Sisley was first and foremost a painter of light. He knew how to imbue all of his paintings with it. One could say that light floods his landscapes, deliciously bathing even the most modest of details. - Anonymous, “Echo de Paris,” Le Gaulois 1899
While his landscapes are generally modest in scale and tonally relatively restrained, the magic with which he was able to capture the effects of the light dancing on water, the brilliance of winter sun on snow and hoar frost, the movement of the wind in trees, the exploration of the depth of a rural scene, and the vastness of the skies create compelling works akin to poetry. They demand close, quiet contemplation and their re-evaluation is well overdue.
His very delicate, lively sensibility was at ease before all the glories of nature… Sisley understood lovely light, the transparency of the envelope of air, the mobility and changeability of reflections, the speed of movement. – Octave Mirbeau, 1892
The exhibition Alfred Sisley (1839-1899): Impressionist Master is organized by the Bruce Museum, Greenwich, Connecticut and Culturespaces.
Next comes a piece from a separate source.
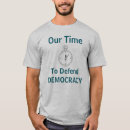 Search for defend democracy tshirts Resist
The show is curated by MaryAnne Stevens, independent art historian and curator of the 1992/3 and 2002/3 retrospective exhibitions on the artist. It is accompanied by a fully illustrated catalogue published by Editions Hazan. Contributors to this volume, Richard Shone, who wrote a book on the painter, and Kathleen Adler, a 19th -century French specialist, bring new insights that ensure the publication will be an indispensable reference on the artist and his oeuvre.
Designated a historical monument in France and owned by Culturespaces, the Hôtel de Caumont is one of the most beautiful private mansions dating from the 18th century in Aix-en-Provence. The mansion was recently restored and has been home to an art and cultural center since May 2015.